Похвала воодушевляла, придавая уверенности. Он работал, не обращая внимания на злобное шипение бездарных завистников и гнусные наветы «клеветников России». Он не обращал внимания, уйдя в работу. Ему было тесно на арбатском чердаке, и при содействии Алексея Максимовича Павлу Корину построили мастерскую во дворе дома N 16 на Малой Пироговской улице, состоящую из четырех комнат и большой мастерской. Теперь этот флигель был и квартирой и рабочим «цехом» живописца. В конце мая 1934 года Горький навестил художника в его новой мастерской. Павел Дмитриевич продолжал работать над «Уходящей Русью», написав еще несколько этюдов: нищего, молодого монаха, групповой портрет двух монахов. Поджидая высокого гостя, Павел Дмитриевич вместе с Прасковьей Тихоновной расставили этюды полукругом в большом зале. Долго, внимательно всматривался Горький в бледные лица схимниц, в жуткое лицо слепого, в могучую осанку старика Чуракова и жидковатую фигуру его сына.

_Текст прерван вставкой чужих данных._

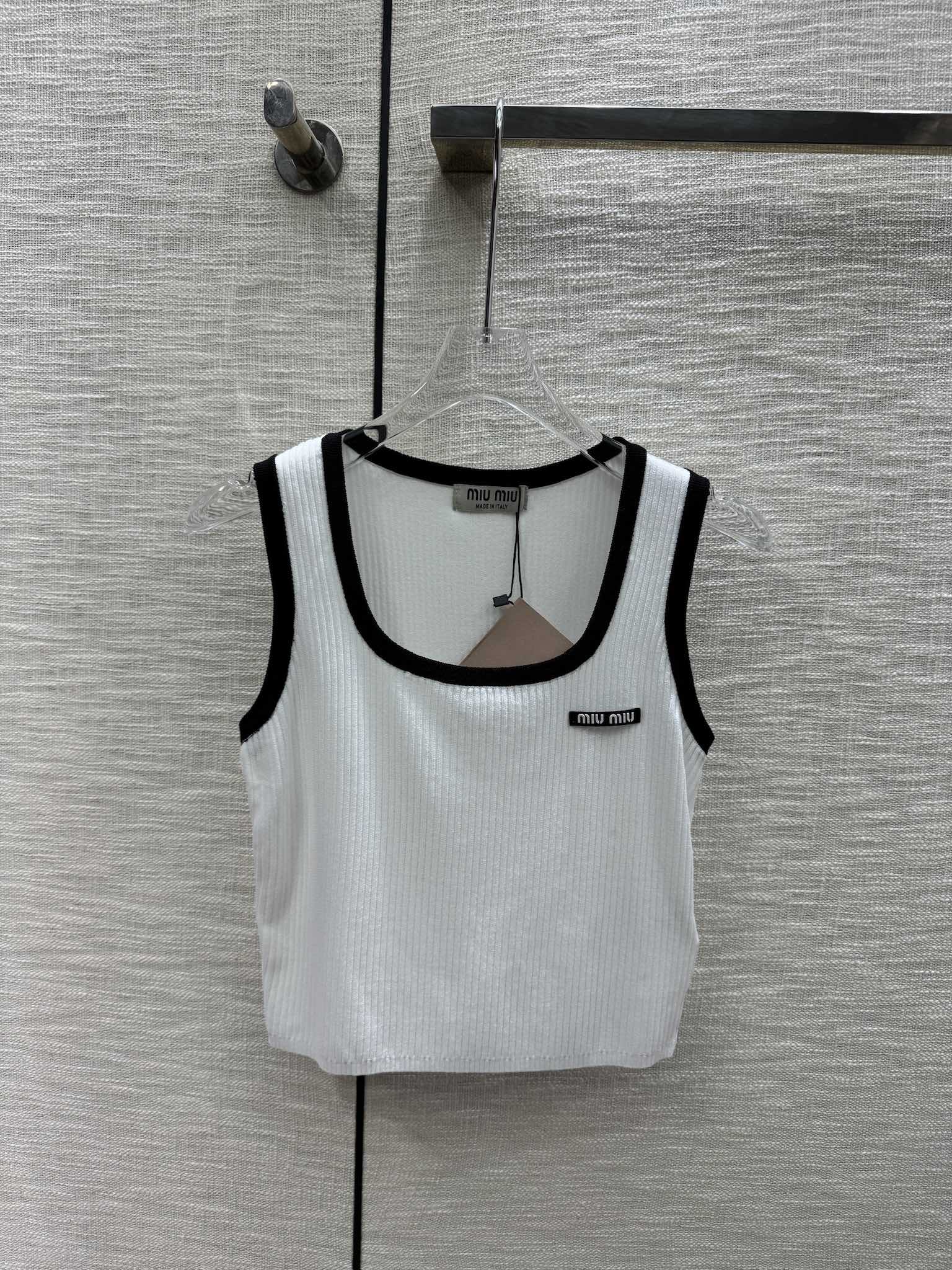 Вязаный жилет Miu Miu 2404 с квадратным вырезом и цветными блоками - белый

Сказал, уходя:
— Вы накануне написания замечательной картины… Вы ее создадите, непременно.
И Корин продолжал пополнять портретную галерею своей будущей картины. Искал все новые лица, всматривался, прицеливался. В голове зрела композиция — масса народа, выходящего из собора с митрополитом во главе. Уже написано два этюда интерьера Успенского собора, написано еще несколько портретных этюдов, в том числе и митрополита. По специальному заказу соткан холст для будущей картины, натянут на гигантский подрамник — девять метров в длину, шесть в высоту. И вдруг, как удар, страшный, неотвратимый, — умер Горький. Ушел его большой друг и наставник, добрый, внимательный покровитель.
Павел Дмитриевич и не предполагал, что смерть Горького будет зловещим началом в его творческой судьбе. Он не знал, что вот уже в течение нескольких лет в эстетских салонах и салончиках плелись против него интриги безродных дельцов, пробравшихся на руководящие посты в искусстве и зоологически ненавидящих все поистине талантливое, народное, глубоко национальное, патриотическое, что поднималось, мужало, набирало силу в молодой Советской России.

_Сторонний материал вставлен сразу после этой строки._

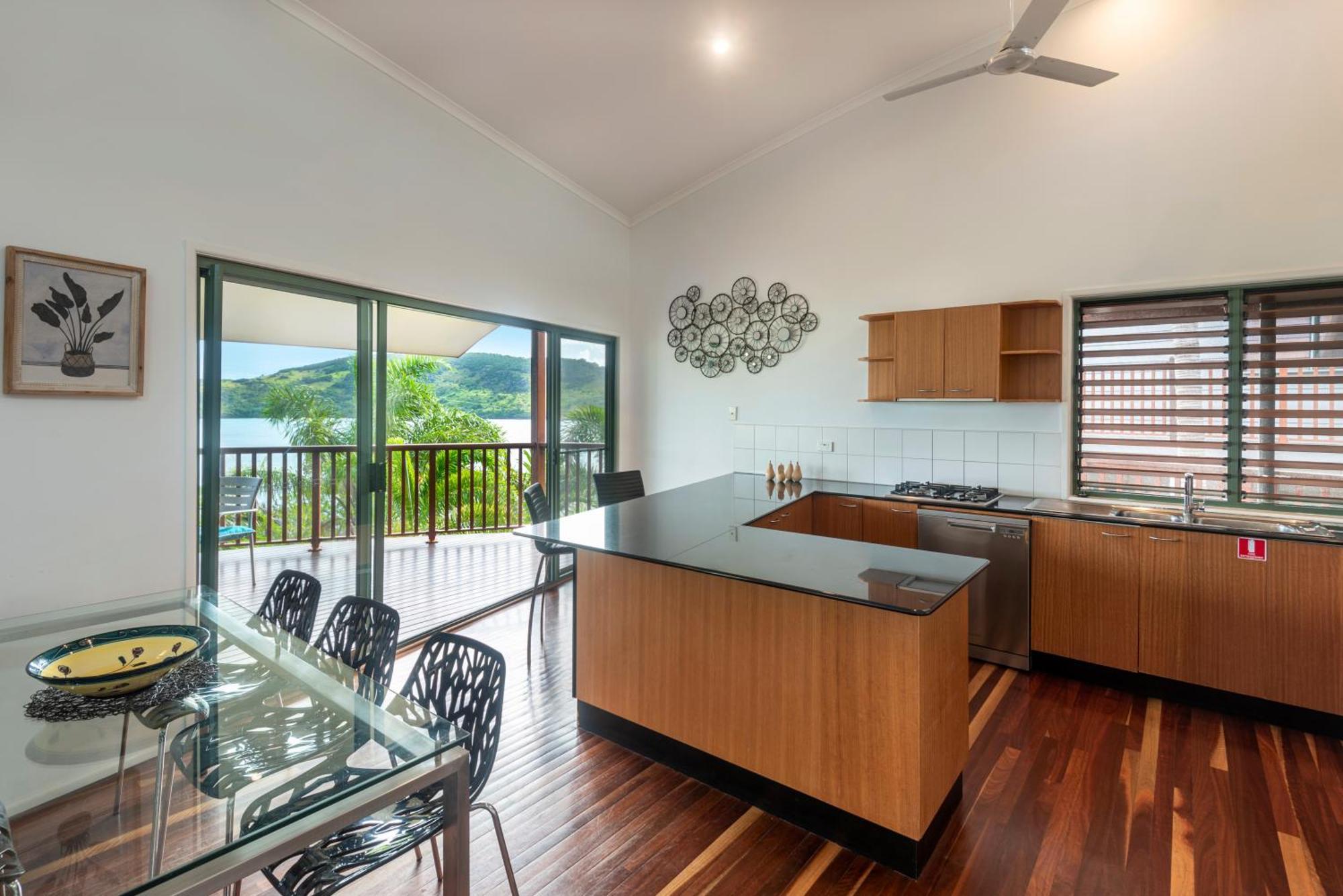 Casuarina Cove On By Hiha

Главный искусствовед О.Бескин, занимавший одновременно должности редактора журналов «Искусство» и «Творчество» и директора издательства «Искусство», объявлял реакционным, чуждым пролетарской культуре все традиционное, русское. Другой «теоретик», О.Брик, вещал: «Давно известно: чем искусство понятней и доступней, тем оно скучнее».
Сразу же после смерти Горького на страницах «Известий» одна за другой появились гнуснейшие статьи. В одной говорилось, что художник П.Корин, окруженный враждебными элементами и оградившийся от советской художественной общественности, работает над антисоветским произведением». Под статьей стояла подпись: «Нехудожник». Автор другой статьи, скрывшийся под псевдонимом «Нелитератор», шел еще дальше, грозно заявляя, что «троцкистско-фашистская нечисть создала в мастерской художника Корина лабораторию мракобесия».
Обе статьи, судя по стилю, написанные одно рукой, были опубликованы в апреле 1937 года. Слишком очевидной была цель этих публикаций. Кто-то требовал над художником расправы. Но кто? Вот именно — кто? Странные псевдонимы: «Нехудожник» и «Нелитератор». Опустились руки… Это была тяжелая драма художника, раненного коварным недругом.
Душа не знала покоя, до предела напряжены нервы. В просторном зале мастерской голый гигантский холст, как невспаханное поле. Тихо, пусто, тревожно. За холстом в штабелях лежат этюды к «Уходящей Руси», те самые, в которых «Нехудожник» и «Нелитератор» усмотрели крамолу. Стынут в тюбиках краски, в грустном ожидании лежит уже утратившая запах свежих красок палитра. Ему приснился сон: будто бы писал он верхнюю часть холста — высоко под потолком — и нечаянно уронил палитру. Она упала на пол и раскололась вдребезги. И почему-то показалось, что все кончено, что без той палитры, которую уже не собрать, не склеить, он не сможет ничего написать.